The curator of the LindaLovelace.org website writes that she was “THE symbol of sexual revolution in the 1970s,” but that only seems true in the sense that profound ambiguity about the motivations of its female participants was inherent to that “revolution.” It’s certainly tempting to view Linda as an embodiment of victimhood, except that her narrative is too extreme and strange to seem like a meaningful window on oppression or exploitation more generally. It feels like a history that might productively be explored by multiple filmmakers, and indeed, there’s apparently another version of the material in the immediate pipeline (once intended to star Lindsay Lohan, whose current film The Canyons might be seen in part as an alternative treatment of the story). In the meantime, Lovelace (also available on demand) seldom feels entirely equal to the possibilities.
The co-directors, Rob Epstein and Jeffrey Friedman, do show some interest in the ambiguity of the historical record: the film starts by providing the closest available version to the fairy tale version of her story, eliminating or downplaying all hints of violence or coercion, before doubling back to fill in the gaps. It’s not a very successful strategy though: it could only possibly have worked, it seems to me, if any viewer were sufficiently naïve or uninformed to be duped by the evasions of the first section, and even if they were, what would be the point? And in any event, placing the film as a straightforward exercise in blowing away the tinsel (such as it is) to show the grime beneath doesn’t maximize its effectiveness as a social or political touchstone. Saddled with a leadenly conventional approach in all other respects, including a massively overly reticent approach to sexual matters in the circumstances, Lovelace fills time efficiently enough, but no more.
Images of domesticity
Seyfried’s performance is fairly bland, which might have worked in a different context, but here just feels, well, bland. Linda Barnard pointed out how the supporting cast is filled with actors who’ve either been involved in their own “sordid screen sexploits” or else carry some other relevant connotation – Sharon Stone (as her mother), Chloe Sevigny, Chris Noth, James Franco. Perhaps the intention was to suggest the broad scope of Lovelace’s ongoing relevance, but it feels more like one of those self-congratulatory jaunts where the slightest part has to be filled by a recognizable name.
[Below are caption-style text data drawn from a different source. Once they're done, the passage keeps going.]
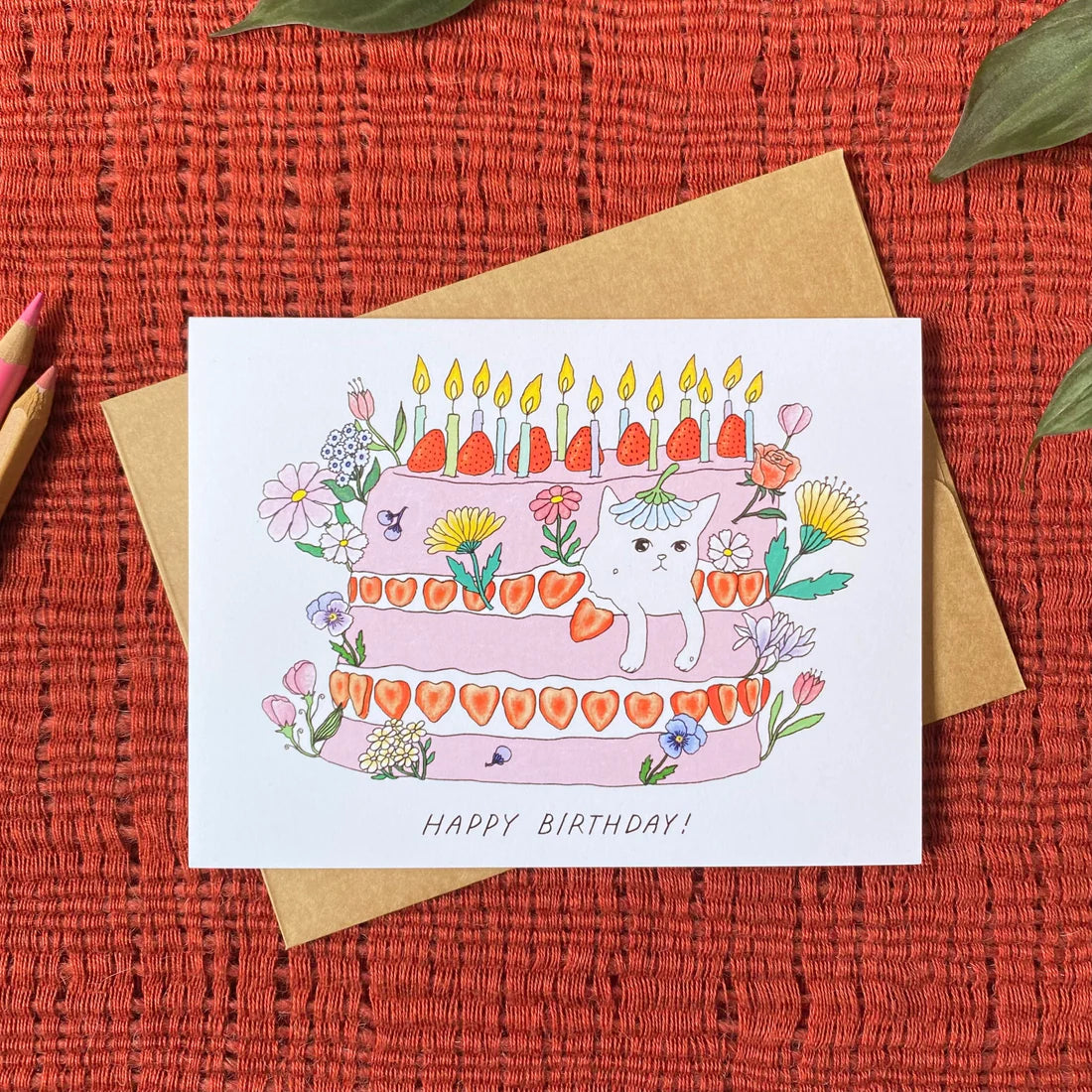 Birthday Cat Cake Card
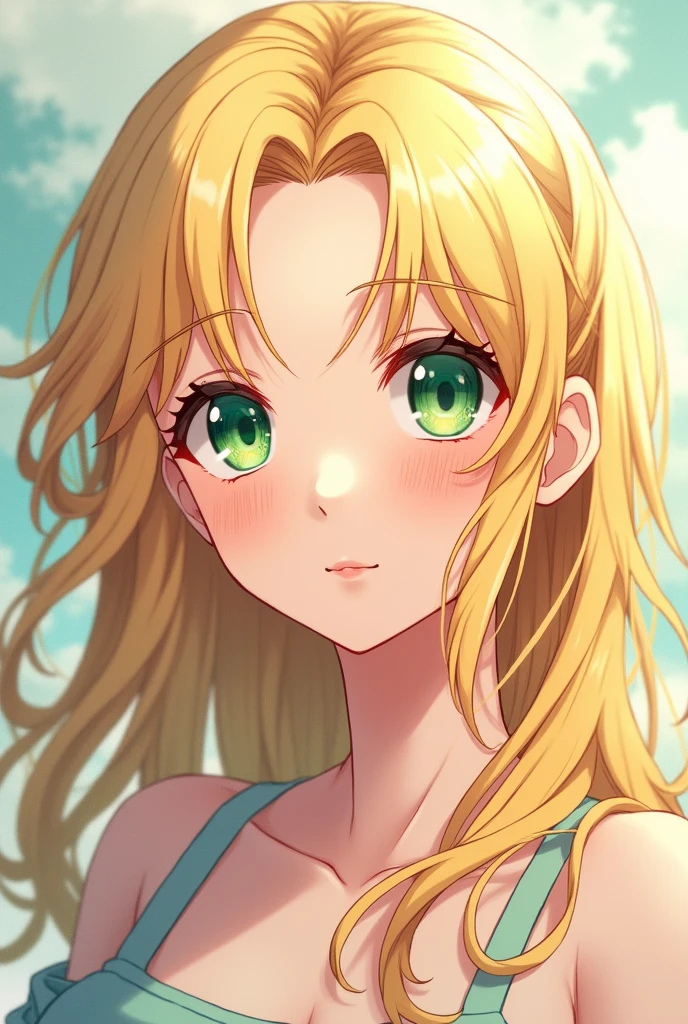 Blonde anime girl with green eyes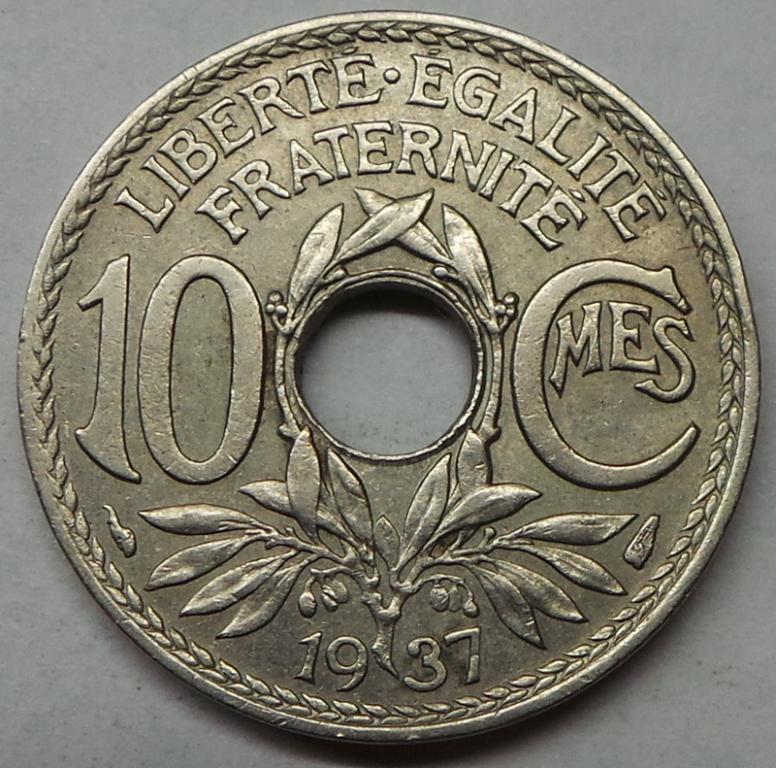Франция 10 сантимов 1937 года (10) КМ#866a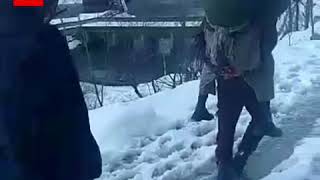 #Patient Battling For Life In Snowfall In Uri As no ambulance and no doctor available.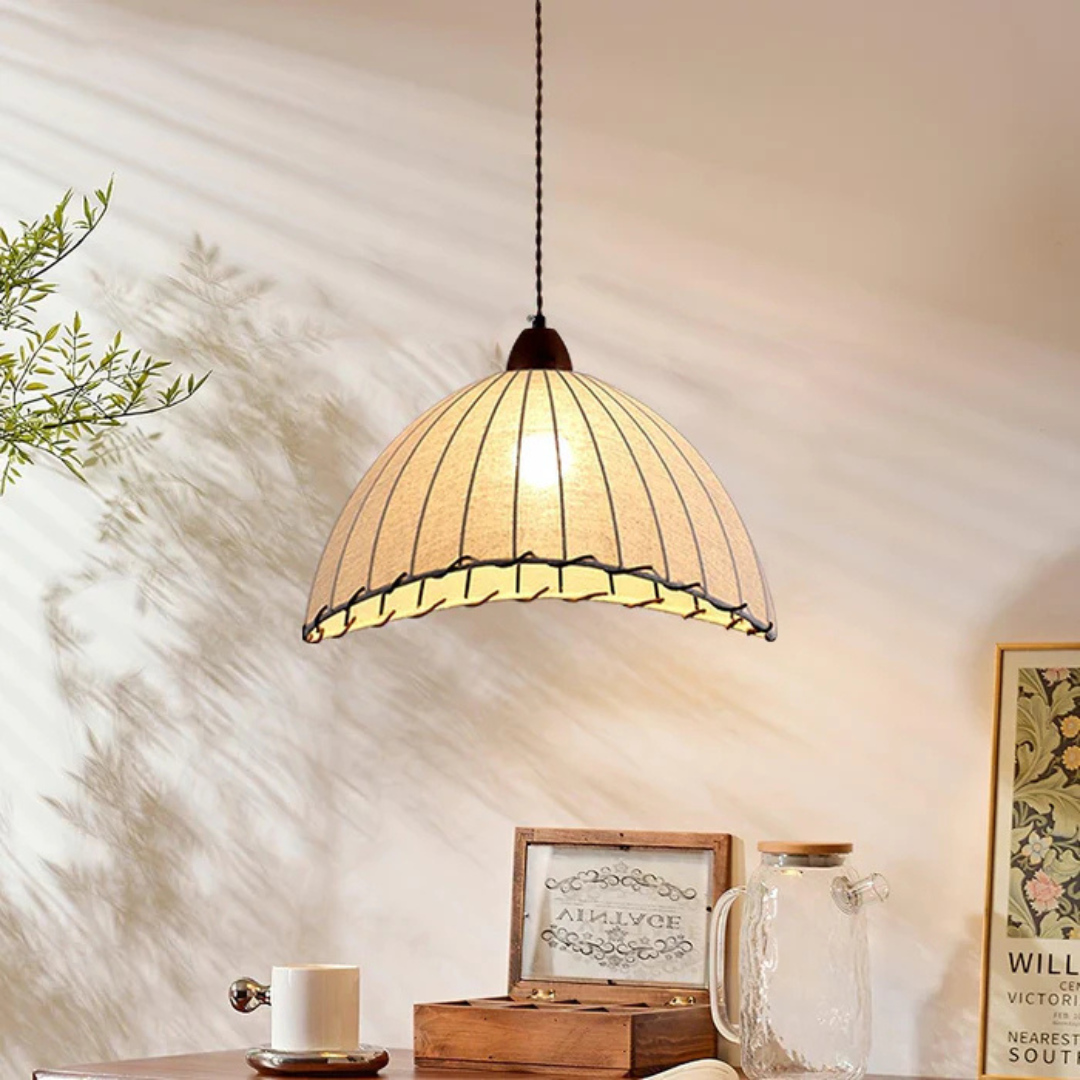 Liora Wood Pendant Light With Fabric Shade for Dining Room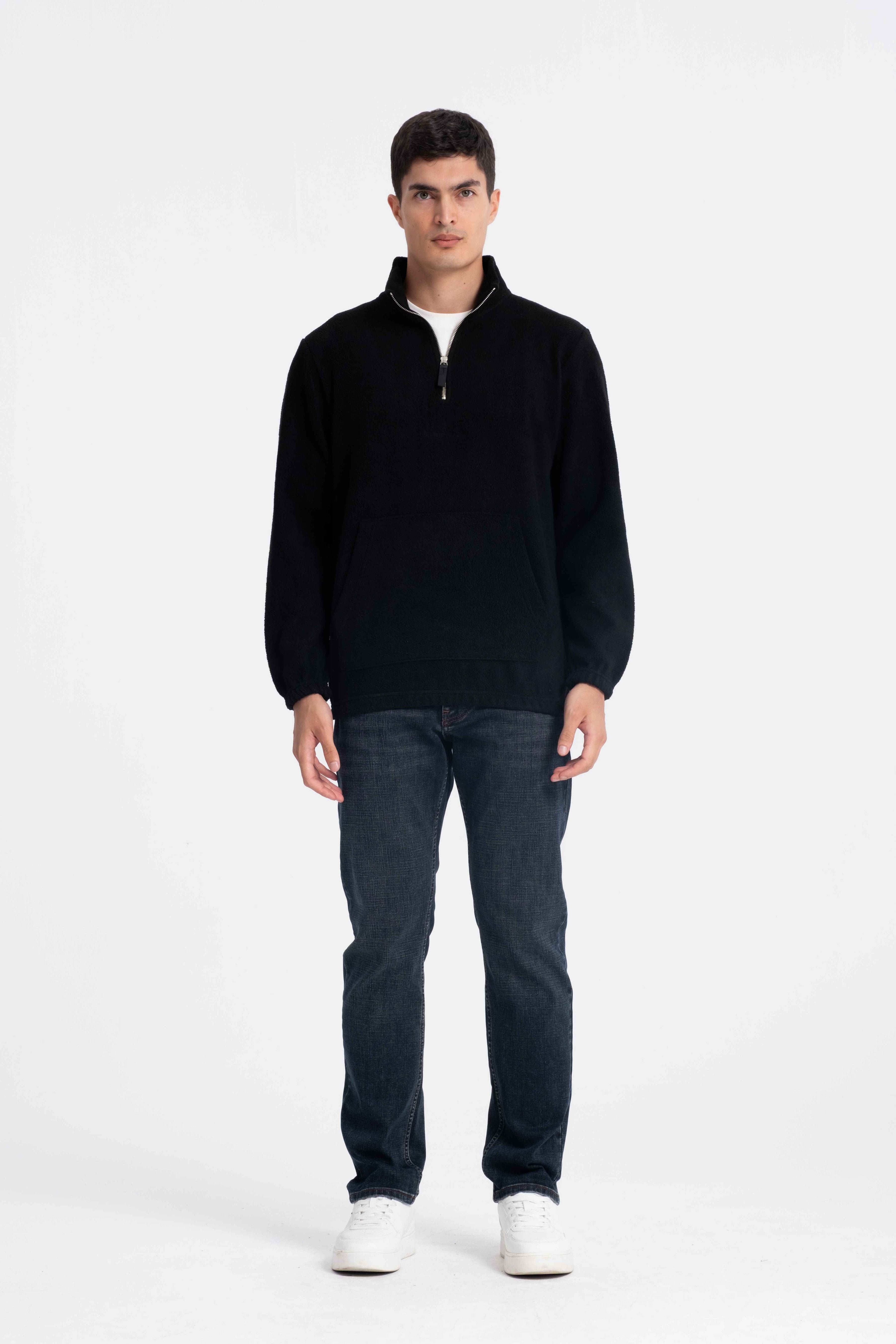 9581 JS DİK YAKA KANGURU  İNTERSOFT SWEAT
In particular, the filming of Deep Throat – with Bobby Cannavale and Hank Azaria as the creative powers – comes across as an absolute hoot, in as convivial and nurturing an environment as one imagines the Sesame Street set to be.
The film ends in the late seventies, sketching her initial steps to remake her image, briefly summarizing her contentment as a wife and mother and her reconciliation with her parents. In a TV interview, she says she only spent a total of seventeen days in the porn business, and asks why that should define her life - a fair question, but not one the film can seriously engage with, given how it expends the bulk of its own efforts on that same period and its immediate aftermath. And it’s no surprise that it presents its images of domesticity as entirely positive, with no acknowledgment that in the big scheme of things, more women have been wronged in kitchens, living rooms and bedrooms than on the sets of porn movies. Still, maybe Epstein and Friedman’s failure to grapple more effectively with the messy trajectory of Linda Boreman/Lovelace/Traynor/Marciano constitutes the film’s most meaningful statement about her, if it means she lived something beyond the easy grasp of Hollywood simplification.